It is a chapel. Small, hardly the size of a barn. A cube of rough cut stone. Superbly isolated, but sitting on historically hallowed ground. Old enough to carry memories. Although unprepossessing, it is not neglected. Its doors and windows are freshly painted white, and on the window sill a candle has recently melted. People of faith and hope walk from afar, enter it just once a year, looking for comfort, and to pray. The rest of the time, the chapel stands witness to the rumors of the swirling winds. It is the Church of Mar Moussa El Habchi in Bisri, Lebanon, but it could well be anywhere in the world. The chapel also sits on the foot print of a planned dam on the Awali river and the resulting reservoir will provide a critical water supply to the nearly 2 million people of the greater Beirut area who receive only three hours of water a day during more than half a year.
And yet, modest as it is, this structure – a Maronite chapel – triggers emotions that may seem disproportional. Emotions underpinned by the spirituality and history of the place, by the childhood memories of the local people that remember quiet Easter midnight ceremonies or spiritual experiences. Many of them have moved away to town, to Beirut, but maintain a summer retreat in the villages of the area and are keen to see that their beloved chapel is fairly treated. The consultations held during the Environmental and Social Impact Assesment have been very emotional and clear on the issue and more recently, the mayor of Mazraat el Dhar village is adamant: "Nothing moves on the dam site until the chapel is moved!"
The relocation of the chapel is in itself an emotional process. It is moving to see how all stakeholders come together to make sure this happens and that it happens well. The church hierarchy, the two or three local communities involved and the central government representatives are all actively working together,
amiably, to decide on the best spot and the technical details of relocation. And the Bank? Well, as Country Director Ferid Belhaj says, "in water, there is life, and life without its spiritual depth means nothing. Working closely with the communities, we will do our utmost to grant people access to much needed water, and preserve priceless and irreplaceable religious heritage".
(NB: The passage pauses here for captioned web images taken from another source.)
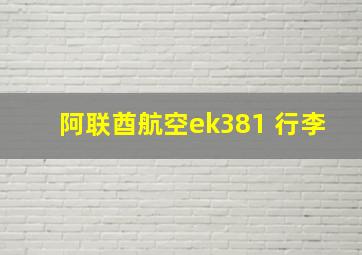 阿联酋航空ek381 行李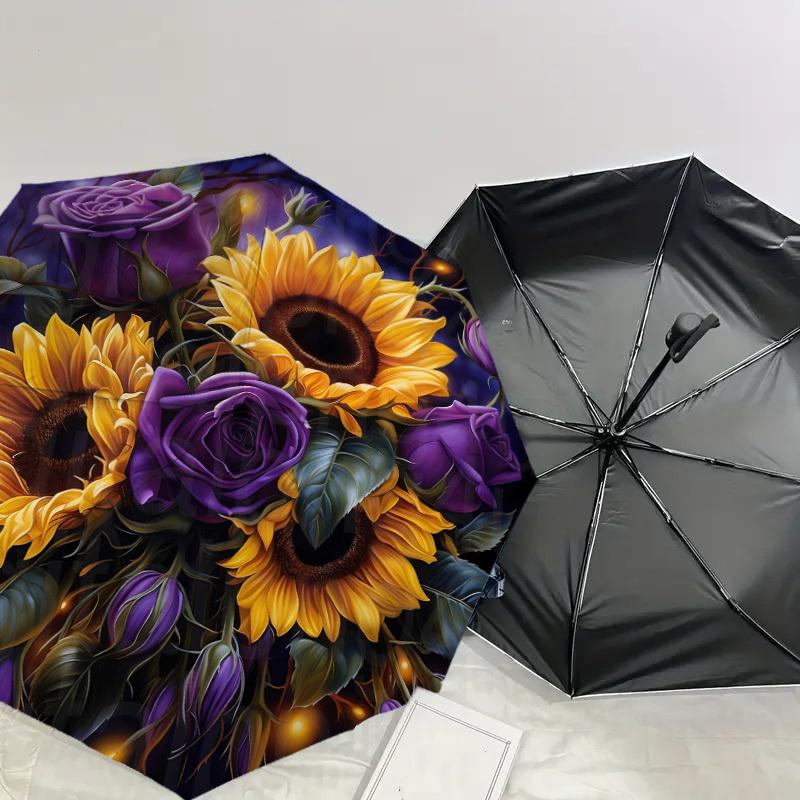 1pc Sunflowers Roses Pattern Umbrella  Automatic Opening and Closing Umbrella, High Quality Umbrella, Ideal Gift for Her 240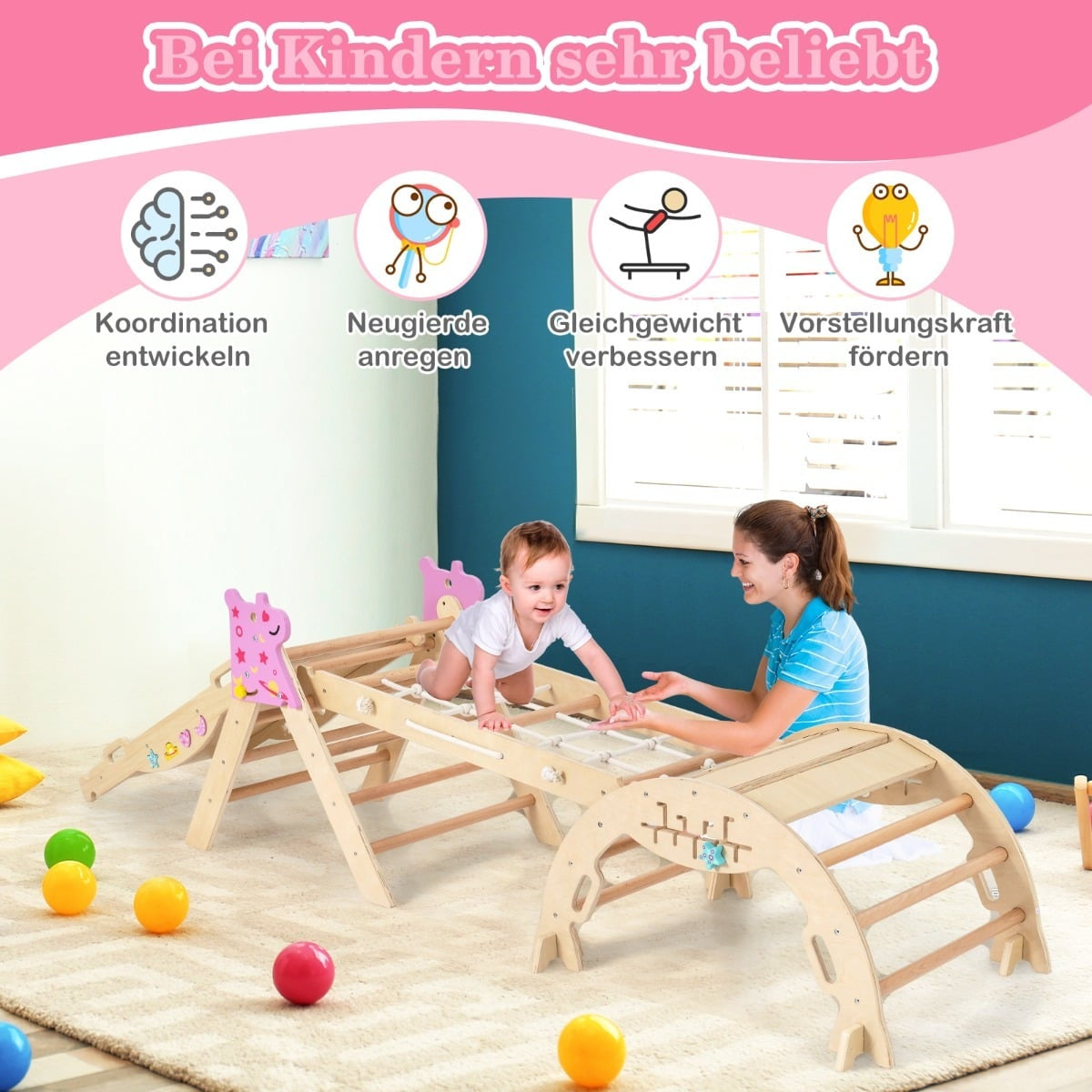 4-delat klätterset för barn med rutschkana och båge – Naturträ
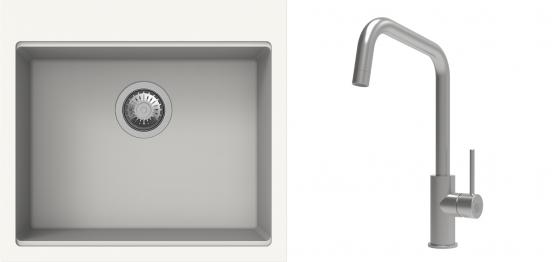 K-StrongSinks S3 mosogató szett Ipel 560x510mm fehér + csaptelep Arda nerez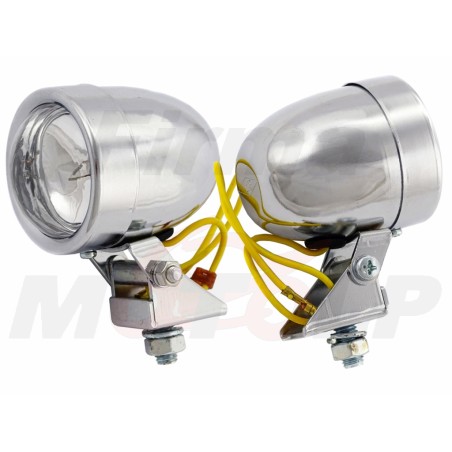 MINI REFLEKTORY PRZEDNIE LAMPY PRZÓD LIGHTBARY HALOGENY CHROM METAL 12V 35W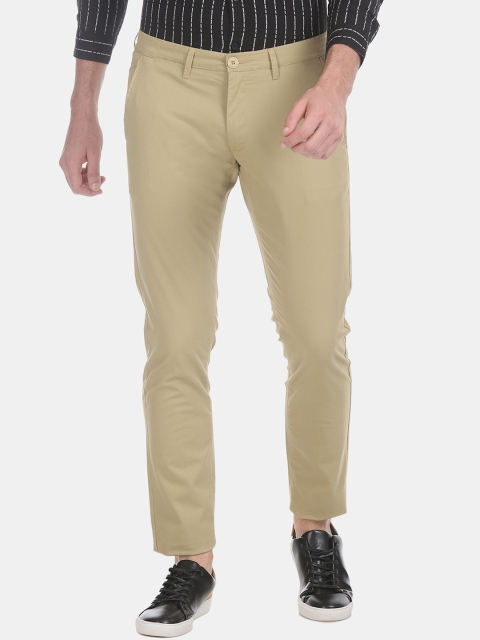 

Ruggers Men Beige Slim Fit Printed Regular Trousers
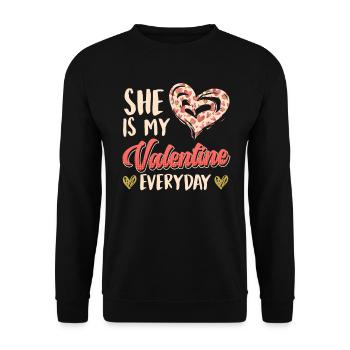 Every day my sweetheart Dear couple Valentine's Day - Unisex Sweatshirt - black - Front - Alina (178cm) & Michal (187cm)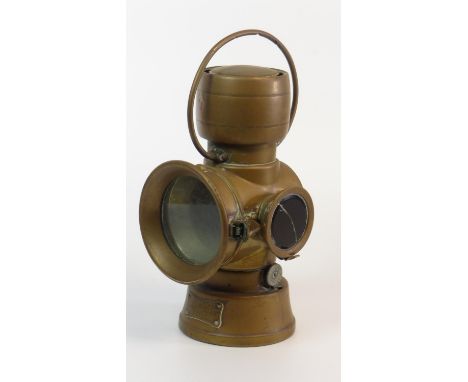 A Joseph Lucas, 630 Series Lamp.  A combination number plate and rear oil-powered lamp with correct oil reservoir, carrying b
The whole thing now makes us revisit "philosophically" the spirit of the cultural heritage policy. Is the value of the chapel a tangible or an intangible one? One dimension of it are indeed the spiritual and emotional values, the nurturing way stakeholders come together to preserve their cultural heritage.
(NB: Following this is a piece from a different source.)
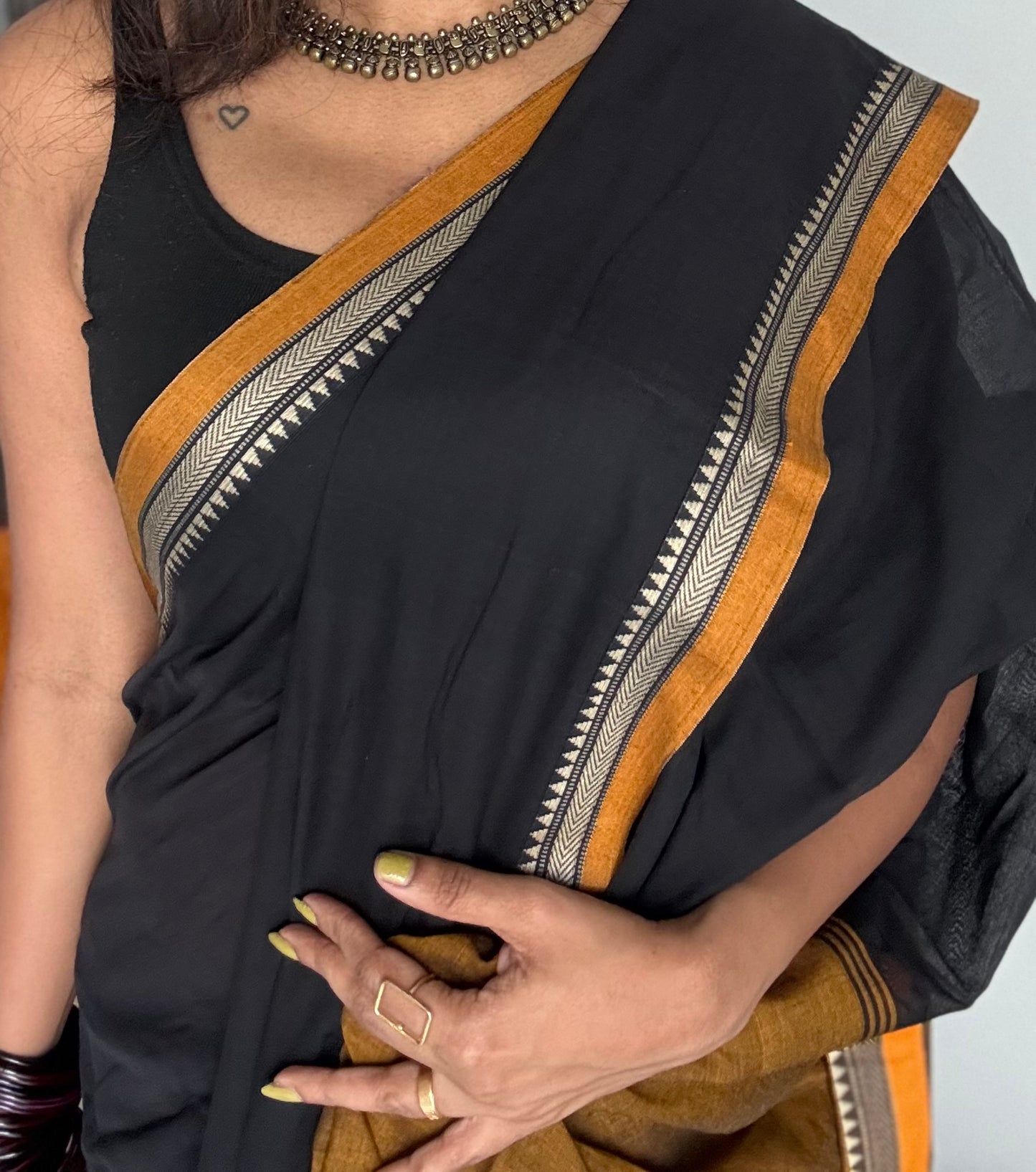 Black with dark yellow border narayanpet saree, soft cotton - YCWOTDNPFE29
This may appear in the first instance in conflict with the Bank's safeguard policy on cultural heritage, OP 4.11 which mentions specifically only the pysical properties that have a cultural, hystorical value. In our case, a modest structure with no great monetary compensation value - the "tangible" cultural assets.
However, our independent panel of experts and the projects own consultants have been insistent on the need to take into consideration the "intangible cultural heritage" which is generally perceived as the traditions, the oral history, folk stories, etc. This focus on "intangibles " was received at first with reservation. After all, OP 4.11 only mentions properties! And, in addition, there is practically nobody living on the footprint of the project to collect stories or traditions…And still, isn't the affection of the villagers for their chapel a strong intangible value? Isn't the very story we tell, the story of the relocation, a wonderful story to be told and re-told to future generations?
The chapel of Mar-Moussa is an example where the focus of OP 4.11 on "cultural property" is surpassed by the "cultural value" and possibly the spiritual value, of the intangible heritage. And this is certainly not the only case and should provide food for thought in future cases.
In the case of Bisri, our antennas are already up and running. The villagers of Marzat el Chouf are already talking of their emotional attachment to the lands in the area of the reservoir that cover an ancient town. Of which just four marble columns penetrate the cover of sediments, signaling a still mysterious presence.